Stories from the Edge 6-1 SOMEHOW

Somehow

We heard that there was a nation without a Bible in its own language. And we responded to that news.

At first with sorrow, and then with gratitude for what felt like an incredible invitation.

After that, God’s plans began unfolding one by one. Things we had only dreamed about started becoming reality. A Bible translated into Kriol, the language of Guinea-Bissau, was produced in Korea, and around 12,000 copies were printed and distributed. Not only that, we also created and illustrated 100,000 evangelistic booklets that explained Jesus through pictures, with support from various churches helping make the printing possible.

When we transported the first 1,600 copies, we carried them ourselves alongside others. But moving 10,000 Bibles and 100,000 booklets was on a completely different scale. We needed a shipping container. And so began something that had never been done before: sending a container from Korea to Guinea-Bissau filled with Bibles.

The Bibles and booklets, which had been scattered across different locations, were gathered together in one place. At the Moroview workshop alone, there were more than 3,000 Bibles stored. Young adults and mission organizations helped carry those heavy boxes together.

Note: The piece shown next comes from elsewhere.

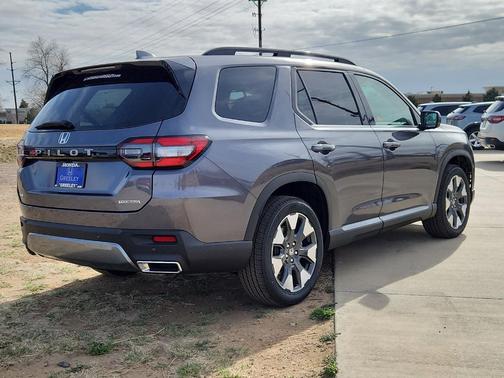 Modern Steel Metallic 2026 Honda Pilot Touring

Even planning the shipping route was difficult, and the transportation costs alone came to about 14 million won. But looking back now, the project that once seemed like it would cost hundreds of millions of won when we first imagined it — the Lord had already provided for it all along. Once again, I want to express my gratitude to everyone who responded together with us to this dream.

In November 2024, less than 100 days after our daughter Roa was born, we loaded the books into the container at the port in Incheon. Then on December 5, the container safely departed.

After that, even while continuing various mission trips and ministry schedules, we never stopped tracking the shipment. We kept checking to see whether it was making its way safely. When we confirmed that it had arrived near Guinea-Bissau, we expected it would finally reach the country sometime around March.

Dan, who had helped with the packing work back in November, gradually began filming the entire process. He recorded an interview with missionary Mijung Kwak sharing her gratitude, as well as an interview with me for those who had supported the project. Somewhere along the way, he began dreaming about turning this Bible project into a documentary. Even if he had to go alone, he wanted to travel to Guinea-Bissau, capture the moment the Bibles were unloaded, and document the stories of Muslim young people whose lives had been changed through the Scriptures. But he seemed deeply conflicted about it.

Honestly, so was I.

Dan was one of the first people who had gone to Guinea-Bissau with me. He had gone again once after that, but during the season when the Bible project truly began moving forward, he had not been there alongside me. I was the one who traveled across the country introducing the project, securing copyright licenses, and carrying the weight of the process step by step. The relationships with the Muslim young people who had received the gospel through the Bibles were also relationships connected to me. I had witnessed God’s astonishing plans unfolding with my own eyes and rejoiced in them. So could I really be absent from the film documenting all of this? Honestly, it didn’t feel possible.

Still, I couldn’t bring myself to say it easily.

Roa was not even 150 days old yet, and I was already wrestling with whether I should go again in July. The memory of being robbed in Guinea-Bissau while Roa was still in the womb crossed my mind. We also had no financial means to make this happen, and I wondered what I was even thinking. And yet, I kept seeing myself there in my mind.

Eventually, I finally said it.

“Somehow… I think I need to go. I have to.”

The moment the words left my mouth, a smile spread across Dan’s face. He had wanted to ask me to come with him first, but because he understood all the circumstances, he couldn’t bring himself to say it.